#### EXERCISE
When you reach the line below that has "Рулетка Start 5м×19мм GRAD (3816425) №1", start returning lines exactly, and stop after the line that has "Studiu de caz Servicii SEO"; skip the pictures.

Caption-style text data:
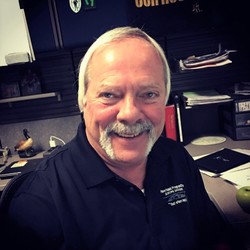 TSgt. Dale_Gray, USAF (Ret.)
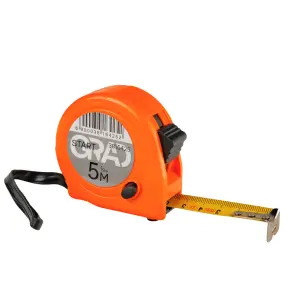 Рулетка Start 5м×19мм GRAD (3816425) №1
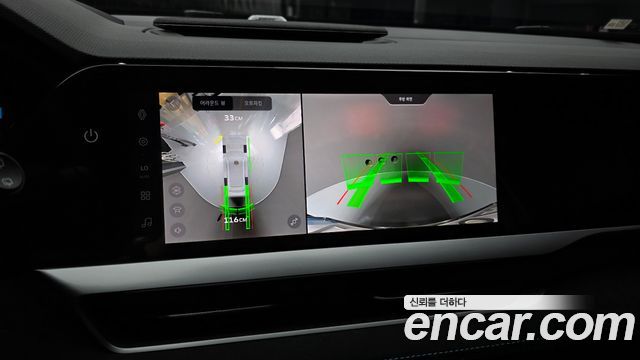 Renault Korea Grand Koleos 1.5 E-TECH Esprit Alphine Noir 2WD 2025 — фото 16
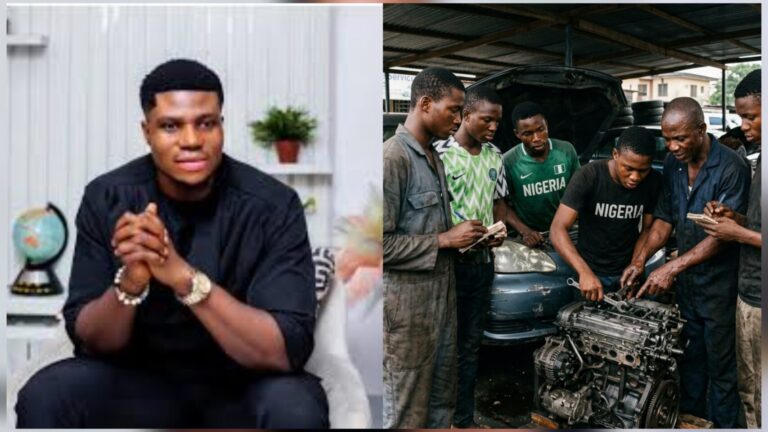 Skitmaker Zicsaloma Urges Youth to Learn Skills, Warns Against Dependence on Handouts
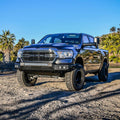 Westin 2019 Dodge Ram 1500 ( Excludes 1500 Classic & Rebel Models ) Pro-Mod Front Bumper - Text. Blk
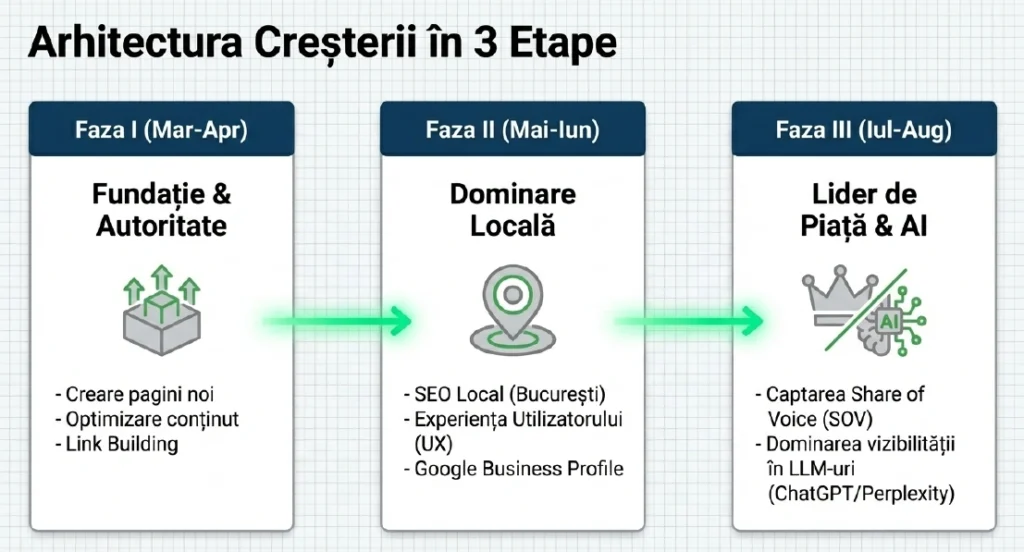 Studiu de caz Servicii SEO
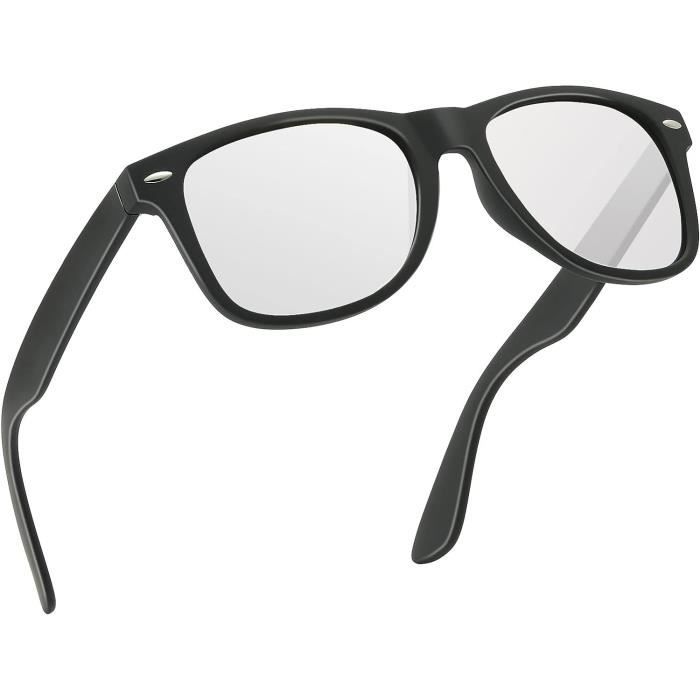 Lunette De Soleil Homme Polarisees Men Lunettes De Soleil Femmes Lunettes De Soleil Unisexe Classique Style Anti Reflets Lu x13 Achat Vente lunettes de soleil Black Friday Cdiscount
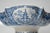 Early 19th Century English Blue & White Chinoiserie Transfer-Ware Compote For Sale - Image 4 of 9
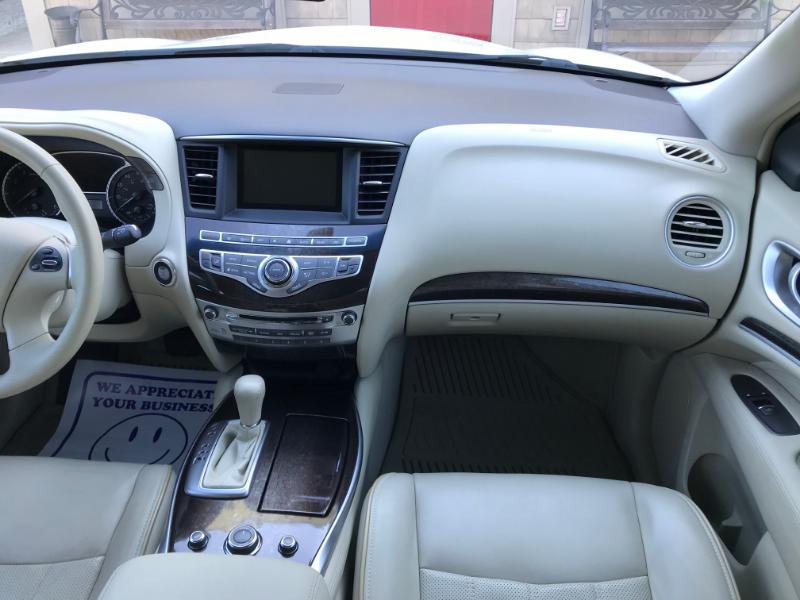 Infiniti JX35  2013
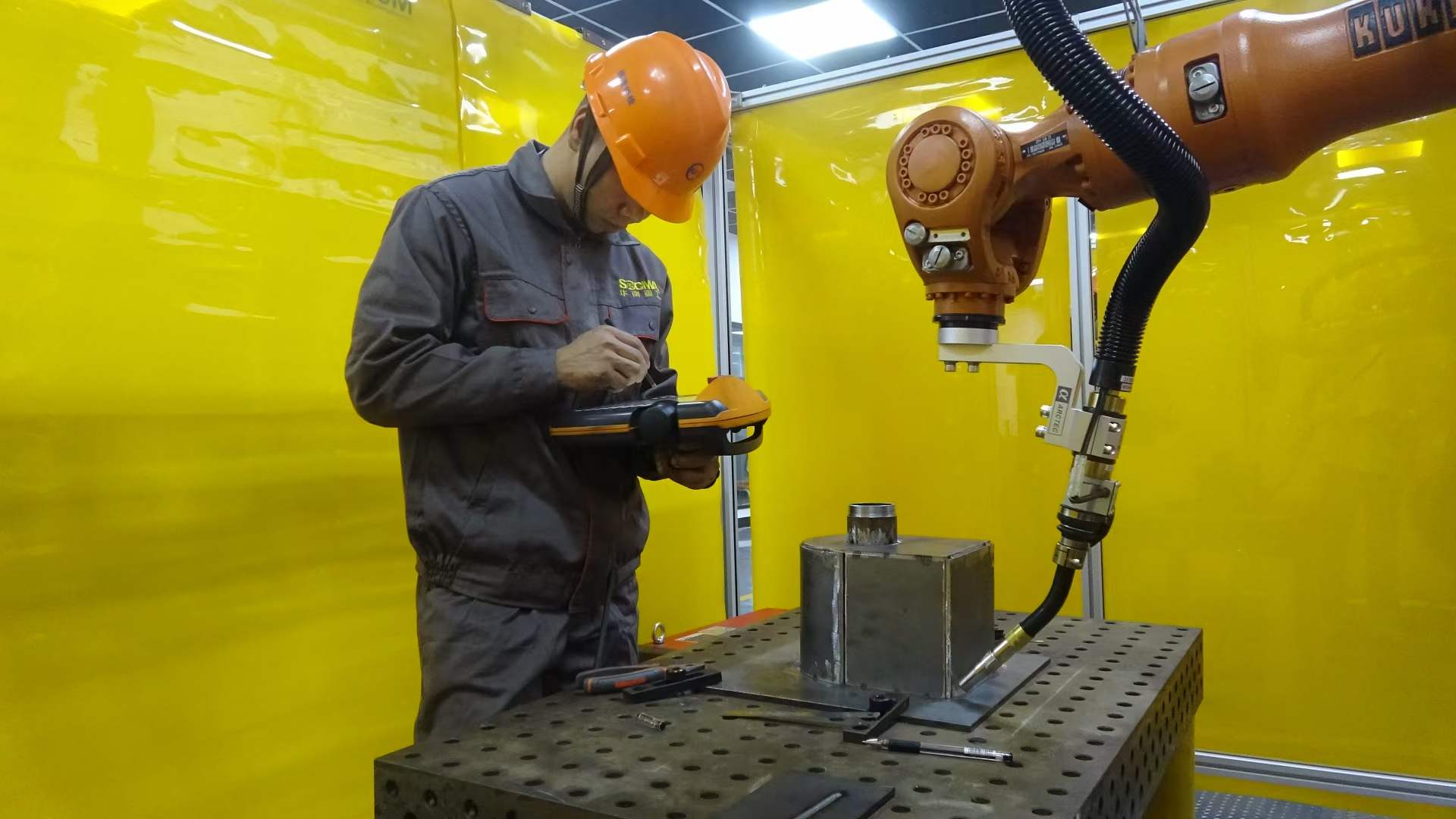 重工机械远程操作对操作人员的技能要求有哪些变化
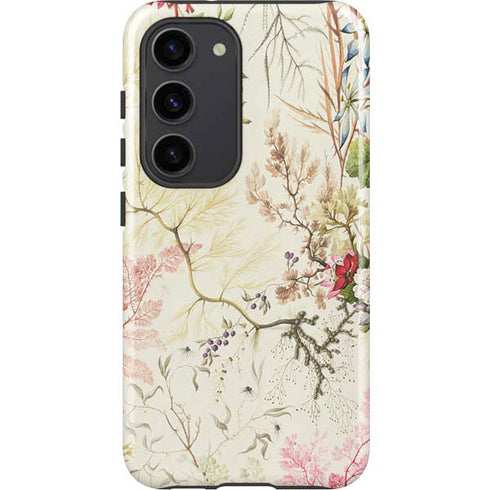William Kilburn Seaweed on Silk Paper Galaxy S23 Pro Case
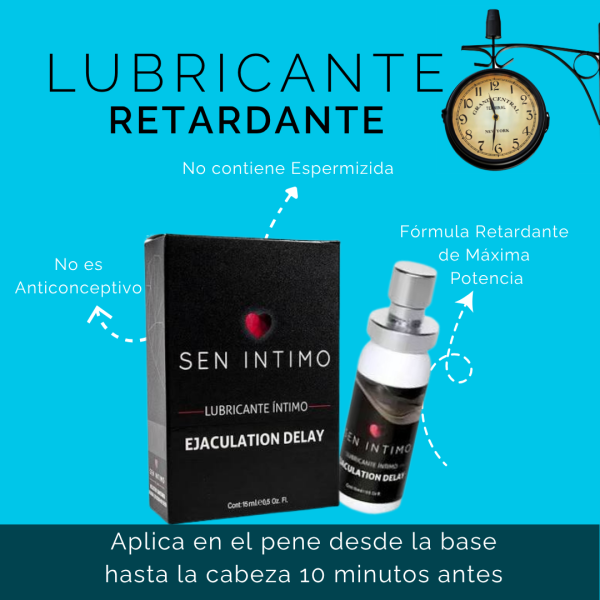 Lubricante Retardante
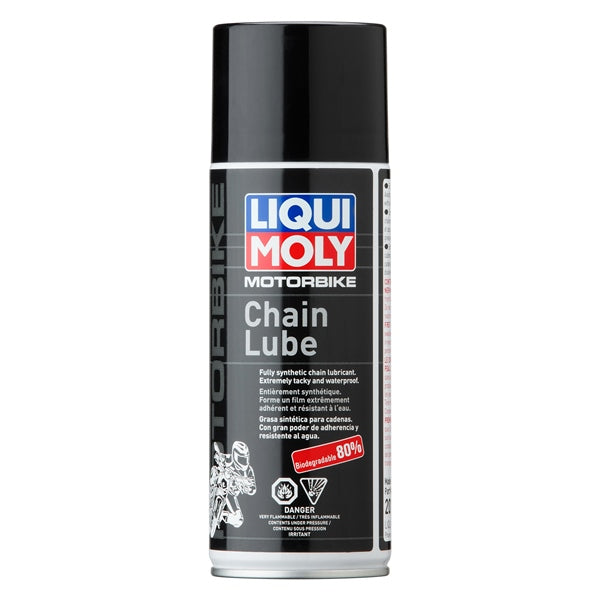 Lubrifiant à Chaîne Liqui Moly 0.4L||Liqui Moly Chain lube 0.4L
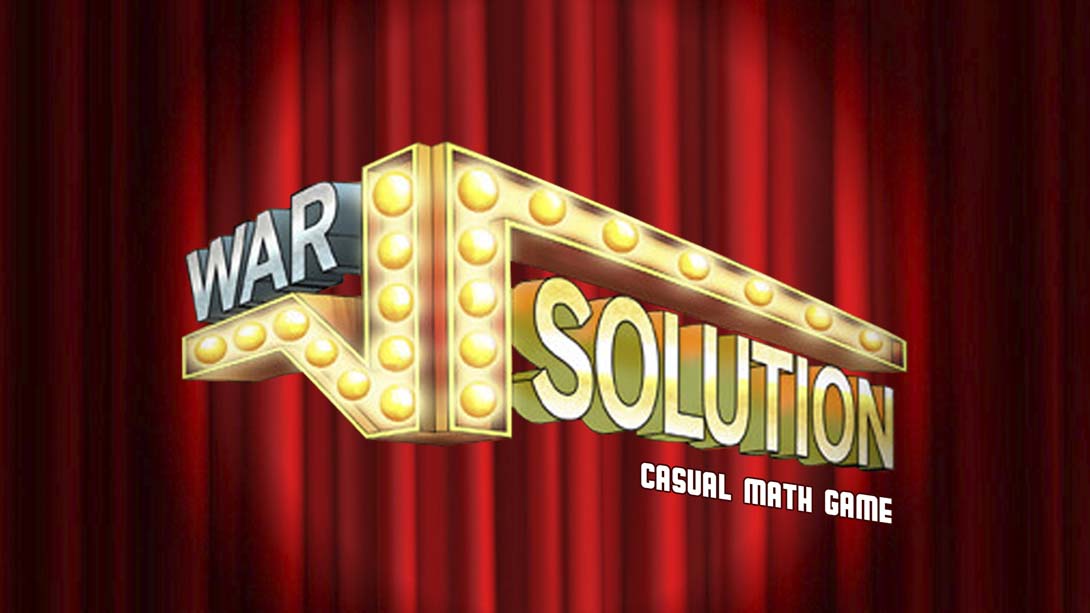 战争解决方案：休闲数学游戏 War Solution – Casual Math Game
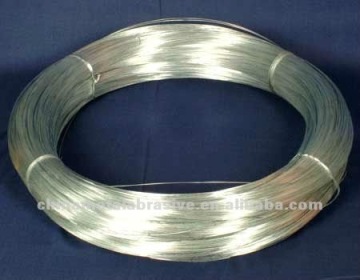 competitive price hot-dip galvanised iron wire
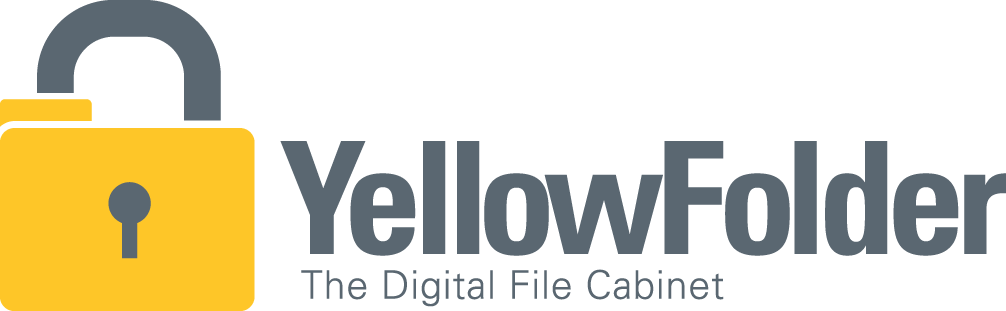 Yellowfolder Logo (1006x311), Png Download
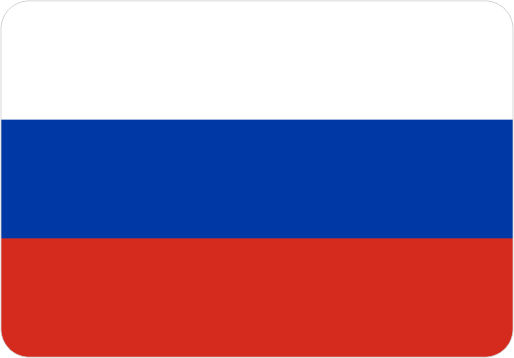 Russia Flag Icon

#### SOLVED EXERCISE
 Рулетка Start 5м×19мм GRAD (3816425) №1
 Renault Korea Grand Koleos 1.5 E-TECH Esprit Alphine Noir 2WD 2025 — фото 16
 Skitmaker Zicsaloma Urges Youth to Learn Skills, Warns Against Dependence on Handouts
 Westin 2019 Dodge Ram 1500 ( Excludes 1500 Classic & Rebel Models ) Pro-Mod Front Bumper - Text. Blk
 Studiu de caz Servicii SEO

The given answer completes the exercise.